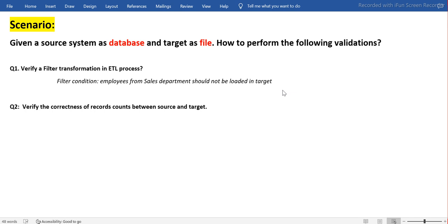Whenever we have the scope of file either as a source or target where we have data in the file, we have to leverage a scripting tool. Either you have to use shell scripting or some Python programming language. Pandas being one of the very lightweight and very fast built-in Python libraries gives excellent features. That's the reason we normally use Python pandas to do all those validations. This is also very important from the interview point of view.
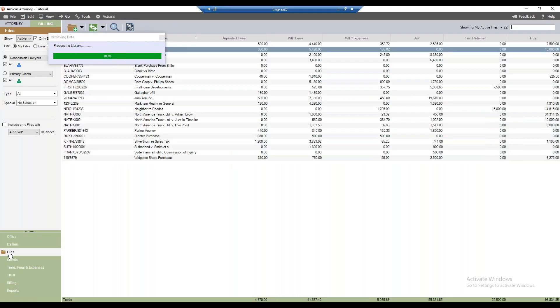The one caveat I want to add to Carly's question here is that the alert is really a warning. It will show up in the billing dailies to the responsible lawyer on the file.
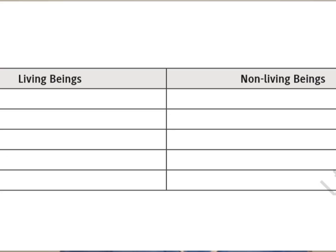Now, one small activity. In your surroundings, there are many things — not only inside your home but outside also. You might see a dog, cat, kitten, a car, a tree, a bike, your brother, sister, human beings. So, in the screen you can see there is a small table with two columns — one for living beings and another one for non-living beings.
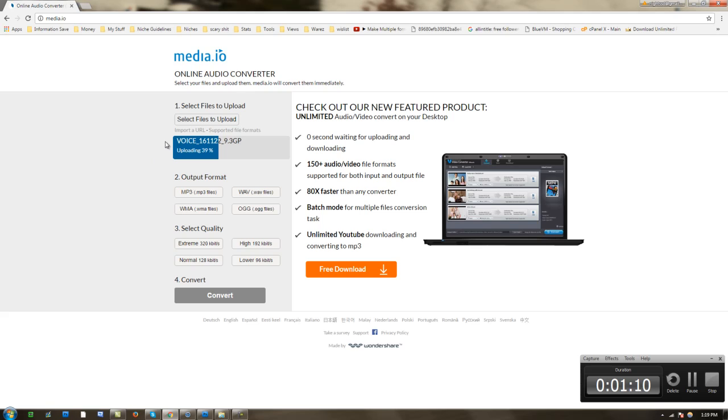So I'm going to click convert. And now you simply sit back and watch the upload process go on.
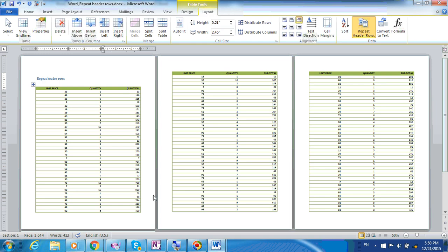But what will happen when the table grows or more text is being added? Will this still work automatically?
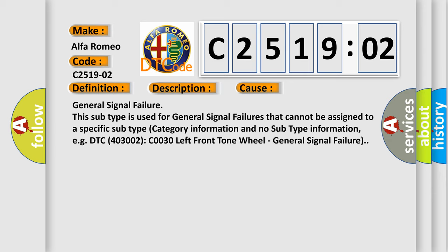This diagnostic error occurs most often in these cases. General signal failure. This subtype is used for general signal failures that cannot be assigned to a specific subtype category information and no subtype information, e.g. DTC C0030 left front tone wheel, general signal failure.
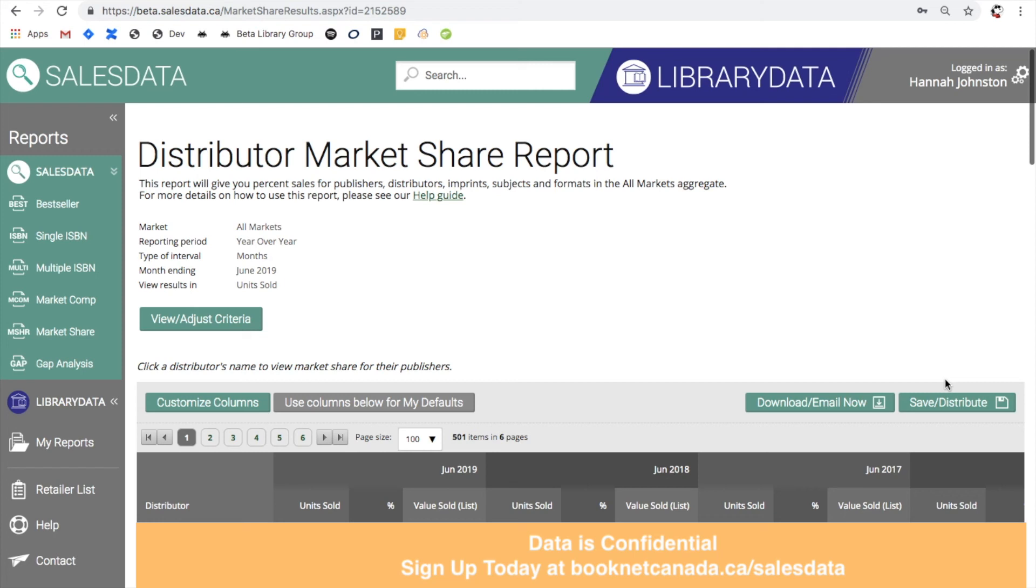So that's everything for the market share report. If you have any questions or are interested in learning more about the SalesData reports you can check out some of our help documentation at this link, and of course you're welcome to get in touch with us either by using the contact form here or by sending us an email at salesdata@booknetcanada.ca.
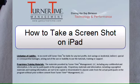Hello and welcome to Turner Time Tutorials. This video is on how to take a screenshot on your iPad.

**Exercise objective**
Reproduce each entry verbatim, excluding any embedded images.

**Answer area**
Whenever we have the scope of file either as a source or target where we have data in the file, we have to leverage a scripting tool. Either you have to use shell scripting or some Python programming language. Pandas being one of the very lightweight and very fast built-in Python libraries gives excellent features. That's the reason we normally use Python pandas to do all those validations. This is also very important from the interview point of view.
The one caveat I want to add to Carly's question here is that the alert is really a warning. It will show up in the billing dailies to the responsible lawyer on the file.
Now, one small activity. In your surroundings, there are many things — not only inside your home but outside also. You might see a dog, cat, kitten, a car, a tree, a bike, your brother, sister, human beings. So, in the screen you can see there is a small table with two columns — one for living beings and another one for non-living beings.
So I'm going to click convert. And now you simply sit back and watch the upload process go on.
But what will happen when the table grows or more text is being added? Will this still work automatically?
This diagnostic error occurs most often in these cases. General signal failure. This subtype is used for general signal failures that cannot be assigned to a specific subtype category information and no subtype information, e.g. DTC C0030 left front tone wheel, general signal failure.
So that's everything for the market share report. If you have any questions or are interested in learning more about the SalesData reports you can check out some of our help documentation at this link, and of course you're welcome to get in touch with us either by using the contact form here or by sending us an email at salesdata@booknetcanada.ca.
Hello and welcome to Turner Time Tutorials. This video is on how to take a screenshot on your iPad.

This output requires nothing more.